Auf Basis der Analyse und der Ermittlung des Bedarfs in den Prozessen und in den Bedürfnissen der Prozessbeteiligten werden die Kernergebnisse und -erkenntnisse zusammengefasst. Diese sogenannte Synthese ist der Ausgangspunkt für die Gestaltung von Lösungsansätzen.

Im nächsten Schritt sind die Lösungsansätze, gegebenenfalls anhand von Prototypen, zu testen. Fallsmehrere Lösungsansätze realisiert wurden, sind diese zu vergleichen. Erst im nächsten Schritt wird dann die ausgewählte Lösung implementiert.

“Es darf auf keinen Fall vergessen werden, die Qualifikationen und Fähigkeiten der Mitarbeiter zu berücksichtigen. Jede Lösung kann am Ende ihr Potenzial nur in der aktiven Nutzung entfalten.”

Digitalisierung ist kein Selbstzweck. Es geht immer um unternehmerischen Nutzen im Sinne von Effizienz oder Effektivität – oder beidem gleichzeitig. So lässt sich beispielsweise durch Digitalisierung mit positiven Nutzererlebnissen mehr Umsatz realisieren. Oder Prozesse können effizienter und robuster gestaltet werden.

“Jede Branche hat eigene Schwerpunkte. Jedes Unternehmen hat seinen eigenen Startpunkt.”

Handel und Dienstleistungen sind oft geprägt durch die Gestaltung der Kundeninteraktion bis hin zu sogenannten „Kundenerlebnissen“. Hier geht es bei der Digitalisierung primär um Shopgestaltung, Nutzerführung, Auftrags- und Kundenanalysen etc.

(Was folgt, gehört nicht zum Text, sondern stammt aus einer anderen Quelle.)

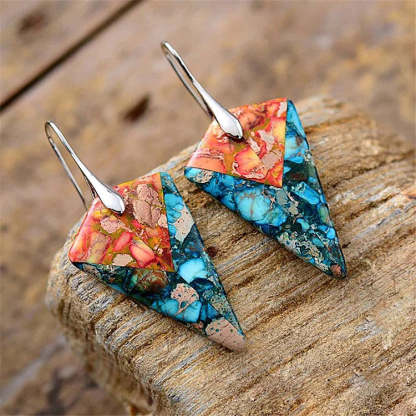 Polygonal two-color spliced natural stone earrings-canovaniajewelry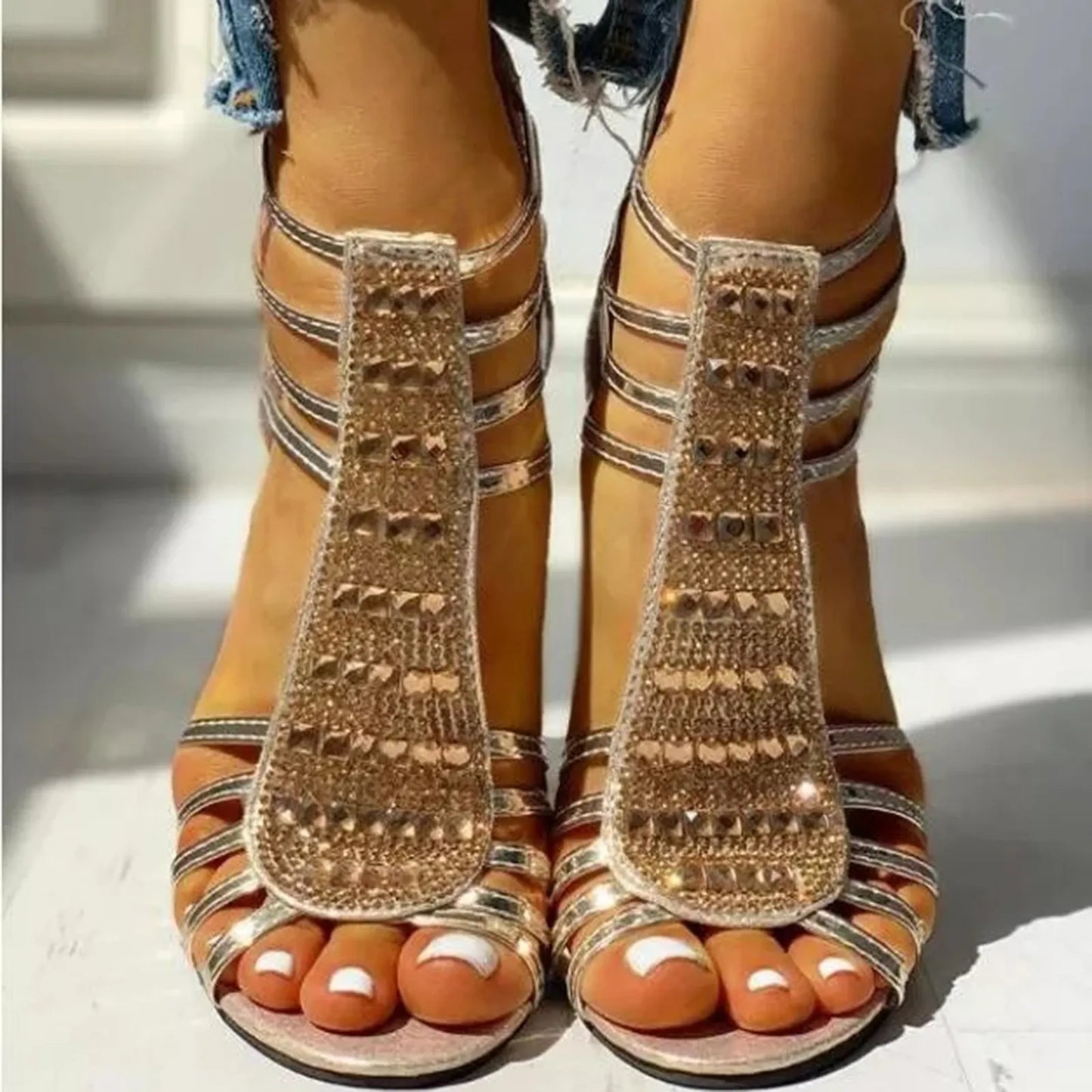 Golden/Silver High Heels Gladiator Sandals Luxury Heels Women's Sexy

Bei der Effizienz der Auftragsabwicklung geht es im Kern um die Warenwirtschaft, automatisierte Katalogdaten und/oder Schnittstellen der Warenwirtschaft zum Großhandel oder zu Herstellern mit Produktdaten. Im Handwerk sind die Kernthemen oftmals die automatisierte Angebotserstellung bzw. die Auftragsdokumentation zur Vorbereitung der Rechnungsstellung.

 

Wie finden Unternehmer heraus, welchen Grad an Digitalisierung sie in der Auftragsabwicklung brauchen, damit ihr Betrieb künftig wettbewerbsfähig bleibt?

Scheeg: In den seltensten Fällen haben KMU alle Ressourcen mit dem notwendigen Fachwissen an Bord. Es ist daher hilfreich und üblich, sich externe Unterstützung zu holen. Nach unserer Erfahrung ist es gut, wenn diese Unterstützung – gerade in den frühen Phasen – nicht von Softwareherstellern kommt, sondern herstellerunabhängig erfolgt.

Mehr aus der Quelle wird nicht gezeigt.